Armenians in the Middle East

Total population
- About 6 Million

Regions with significant populations
- Lebanon: 150,000
- Iran: 200,000
- Syria: 100,000
- Turkey: 60,000 300,000–5,000,000 (Hidden Armenians)
- Iraq: 60,000–80,000
- Egypt: 6,500-12,000
- Kuwait: 6,000
- Palestine and Israel: 5,000–6,000
- United Arab Emirates: 5,000
- Cyprus: 3,500
- Jordan: 3,000
- Qatar: 800-5,500

Languages
- Armenian and the official language(s) of the host country

Religion
- Armenian Apostolic Church Armenian Catholic Church Armenian Evangelical Church and Islam

= Armenians in the Middle East =

Ethnic group in West Asia

In the Middle East, Armenians are mostly concentrated in Iran, Lebanon, Cyprus, Syria, Jordan, Saudi Arabia and Jerusalem, although well-established communities exist in Iraq, Egypt, Turkey and other countries of the area including, of course, Armenia itself. They tend to speak the Western dialect of the Armenian language (except those of Iran) and the majority are adherents of the Armenian Apostolic Church, with Catholic and Protestant minorities.
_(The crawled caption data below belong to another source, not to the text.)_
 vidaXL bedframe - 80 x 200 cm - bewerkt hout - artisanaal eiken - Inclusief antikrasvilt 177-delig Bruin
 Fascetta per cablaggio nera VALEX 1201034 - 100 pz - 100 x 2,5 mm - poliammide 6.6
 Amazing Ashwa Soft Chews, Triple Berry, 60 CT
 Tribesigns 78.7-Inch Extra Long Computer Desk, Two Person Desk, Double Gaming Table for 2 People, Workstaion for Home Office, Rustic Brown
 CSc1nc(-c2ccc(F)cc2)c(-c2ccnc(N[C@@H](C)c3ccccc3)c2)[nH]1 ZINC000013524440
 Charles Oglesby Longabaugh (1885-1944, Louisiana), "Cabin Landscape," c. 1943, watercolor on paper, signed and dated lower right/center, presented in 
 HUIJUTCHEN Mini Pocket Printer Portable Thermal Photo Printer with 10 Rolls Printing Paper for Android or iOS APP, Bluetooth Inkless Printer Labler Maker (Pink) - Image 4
There is a sizable Armenian population in the thousands in Israel. There is also the Armenian Quarter in Jerusalem with a history that goes back 2,000 years.

== History ==

The Armenian royalty had always kept close contact with neighboring Persia. In the 1st century B.C., Tigranes the Great, the king of kings of the Armenian Empire, ruled over a significant part of the region. Armenians have a millennia-long native history in the region, and are part of the indigenous inhabitants of northwestern Iran, as well as many of the oldest Armenian churches, chapels, and monasteries are located there.
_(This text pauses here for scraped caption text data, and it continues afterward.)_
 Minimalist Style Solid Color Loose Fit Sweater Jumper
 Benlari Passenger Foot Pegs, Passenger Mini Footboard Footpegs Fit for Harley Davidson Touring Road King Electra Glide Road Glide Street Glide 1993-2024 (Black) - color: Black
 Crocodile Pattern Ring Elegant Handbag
During the Middle Ages, Armenians established a new kingdom in Cilicia, which despite its strong European influence, not unlike Cyprus, was often considered as being part of the Levant, thus in the Middle East. There were Armenian communities (in the form of well-established quarters in major cities) in the Edessa region, Northern Syria, Jerusalem, Egypt, and have played a direct role in many key events, such as the Crusades.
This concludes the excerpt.